L’apport de fer stimulerait la photosynthèse dans l’océan
Aujourd’hui, une cinquantaine de projets soutenus par des communautés scientifiques associées au secteur privé, principalement aux États-Unis et en Chine, cherchent à augmenter l’efficacité de ces deux processus. La fertilisation par le fer – essentiel au développement des micro-organismes marins – revient ainsi en force.
« Donnez-moi une demi-citerne de fer, et je vous donnerai une période glaciaire « : cette formule est de John Martin, l’océanographe américain qui a émis, au début des années 1990, l’hypothèse selon laquelle l’apport de ce minerai stimulerait la photosynthèse dans les zones océaniques qui en manquent. Si l’expérimentation à grande échelle a montré que c’est bien le cas, l’efficacité du transfert de carbone vers les profondeurs reste variable et incertaine.
Lorsque des acteurs privés ont proposé d’utiliser la fertilisation en fer en échange de crédits carbone, la convention de Londres de 2008 a restreint la méthode aux seules expériences scientifiques contrôlées. Car les études ont mis en évidence que cette pratique favorise la prolifération de certains types de microalgues au détriment d’autres, entraînant des déséquilibres trophiques et la production de gaz à effet de serre secondaires.
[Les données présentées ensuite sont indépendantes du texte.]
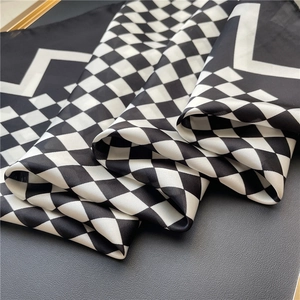 Gros plan sur la texture du foulard en soie à carreaux noirs et blancs sur cuir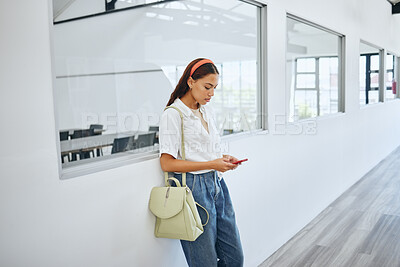 Buy stock photo Girl, student and phone in college by classroom window in university for email, learning or social media. Woman, education and smartphone for communication, blog or study on app, web or internet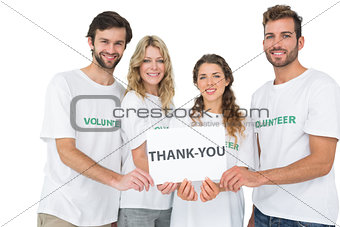 Portrait of happy volunteers holding thank you board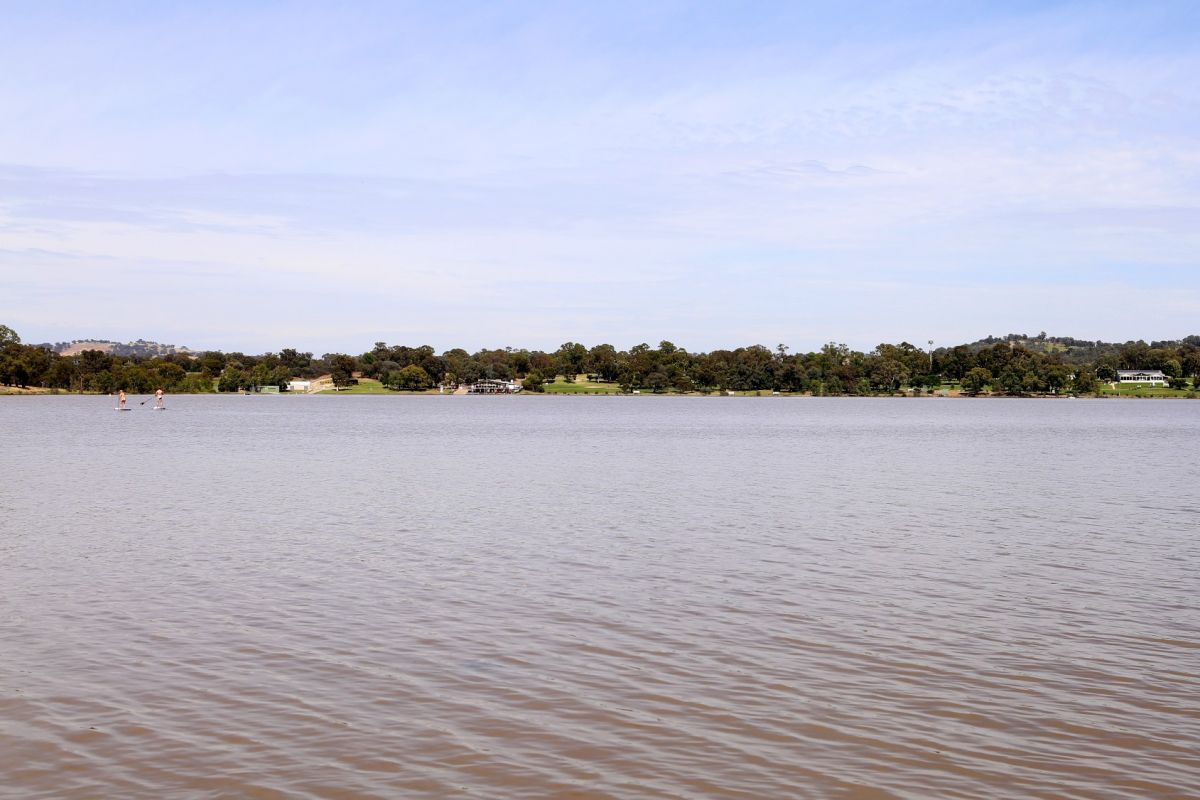 Lake Albert with two paddle boarders in mid-ground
Remonter de l’eau riche en nutriments vers la surface
L’upwelling et le downwelling artificiels, soit le renforcement des échanges ascendants et descendants, est une autre approche de fertilisation de l’océan inspirée du phénomène de remontées verticales, observé sur les côtes très poissonneuses du Pérou ou de la Namibie. Reproduire ce phénomène artificiellement permettrait théoriquement de stimuler la productivité ailleurs. Dans les années 1990, des ingénieurs ont conçu des systèmes de tubes ou de pompes utilisant l’énergie des vagues pour remonter de l’eau froide et riche en nutriments vers la surface. En 2008, des chercheurs de l’université d’Hawaii (États-Unis) ont testé la méthode au nord d’Oahu sans obtenir de réponse biochimique claire, notamment en matière de production de chlorophylle.
Autre stratégie de séquestration de CO2 par photosynthèse: la culture de macroalgues, comme le kelp, les laminaires ou les sargasses, qui ont l’avantage de pousser vite – jusqu’à 30 à 60 cm par jour. Cette biomasse peut être récoltée pour en faire des biocarburants, des aliments, des engrais, ou encore coulée vers les profondeurs pour faire sédimenter le carbone. Une production massive pourrait, en théorie, séquestrer plusieurs milliards de tonnes de CO2 par an. Plusieurs projets pilotes sont aujourd’hui en cours, dont le projet Ocean Rainforest, au large des îles Féroé, soutenu par l’Union européenne.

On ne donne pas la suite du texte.